Investment grade municipal bonds and preferred securities are among the asset classes that have traditionally performed well during periods of heightened stock market volatility.
“In some cases, high-rated collateralized loan obligations (CLO), commercial mortgage backed securities (CMBS) and other structured products offer spreads in the 1.5% and 2% range,” Tipp told Financial Advisor. “We see these as very attractive and that’s before going into the lower-rated area of investment grade whether that be in financials or whether you move into high yield again away from the extraction sector.”
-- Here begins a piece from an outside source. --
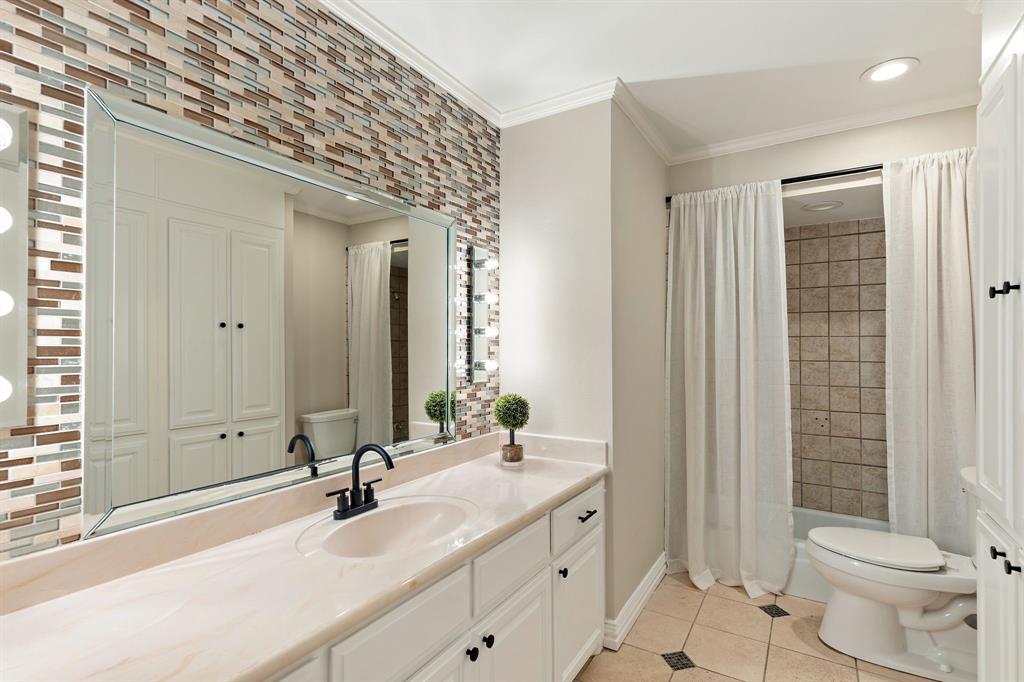 15923 Preston Road, Unit 1003 Dallas, TX 75248 - Photo 29 of 36 a bathroom with a double vanity sink toilet and shower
Karissa McDonough, chief fixed-income strategist with People's United Wealth Management, recommends advisors focus bond portfolios on core bond allocations, such as treasuries, government securities, mortgages and investment grade corporate bonds.
“Core bond allocations now represent more than 80% of our tactical fixed-income portfolio, which is a 10 percent to 15 percent rise over the allocation we had recommended to clients two years ago,” McDonough said. “In taxable portfolios, municipal positions may be substituted for a large portion of the core allocation depending on the client’s tax bracket.”